El problema de plantearse unos objetivos demasiado ambiciosos es que lo más probable es que no se alcancen. Más aún, es hasta posible que la realidad demuestre que esos objetivos eran ilusorios.
Este es el caso de los automóviles
eléctricos. Durante mucho tiempo se dijo que si la tecnología no avanzaba era
por las presiones de los países productores de petróleo, a los que no
interesaría el desarrollo de este sistema de propulsión por la repercusión
negativa que tendría en sus abultadas carteras.
Pero ahora parece que la tecnología ya es
viable. Sin embargo, las ventas no avanzan tanto como a los burócratas les
gustaría. En parte, porque los coches eléctricos, hasta donde se me alcanza,
son más caros.

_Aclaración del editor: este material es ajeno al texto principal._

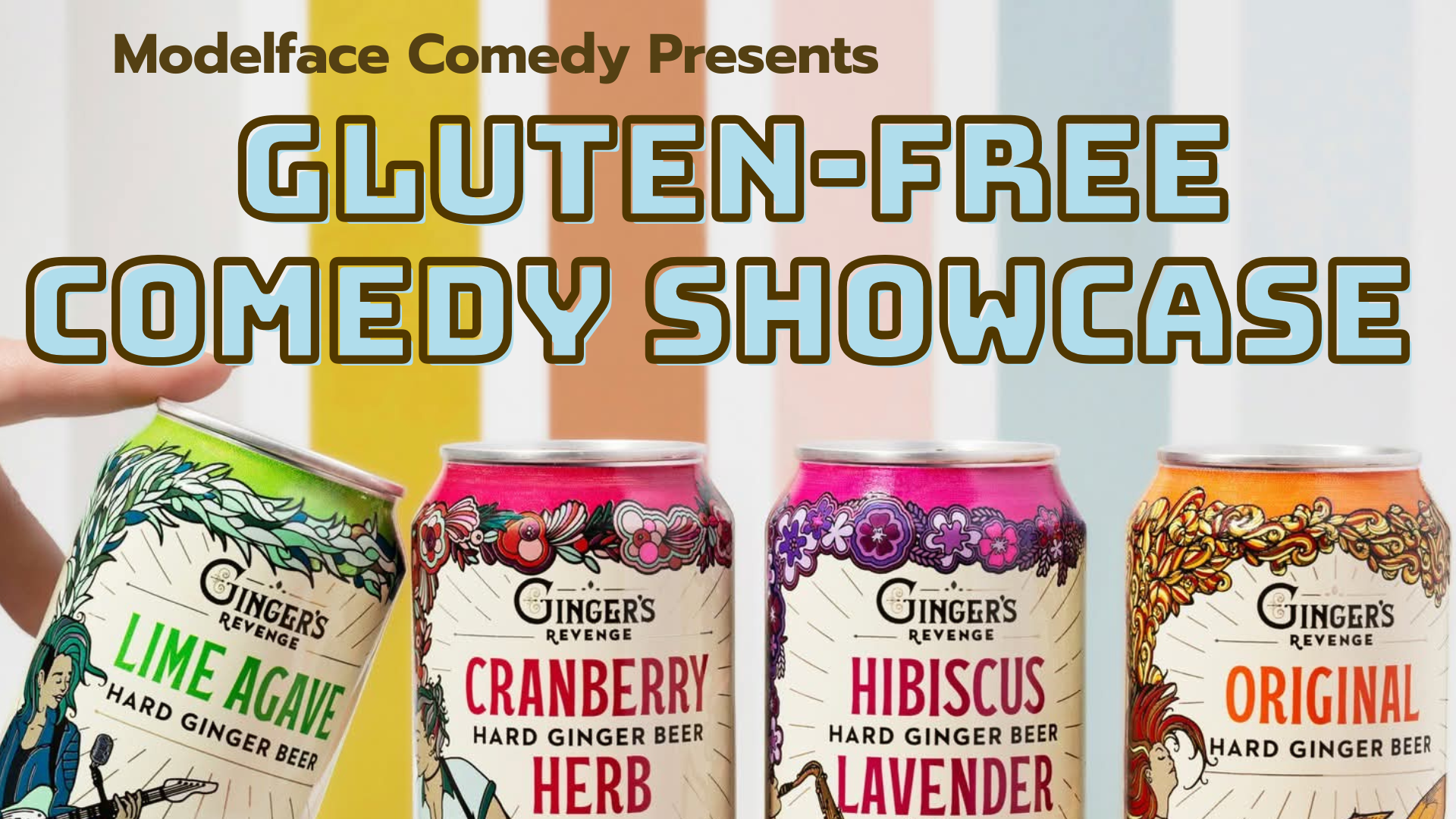Gluten-Free Comedy: Lime Agave Edition at Ginger's Revenge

Además, su autonomía es todavía bastante inferior a la de los
de toda la vida, lo que unido a la insuficiente red de estaciones de
repostaje (llamarlas electrolineras me parece una chorrada, porque ¿qué
demonios es una linera?) hace que un vehículo eléctrico puro sólo tenga
sentido en un entorno urbano.
Así las cosas, que una empresa como Volvo -que, no lo olvidemos, está en estas cosas para ganar dinero- haya abandonado su objetivo de vender exclusivamente coches eléctricos sólo indica una cosa: que el asunto está todavía muy verde.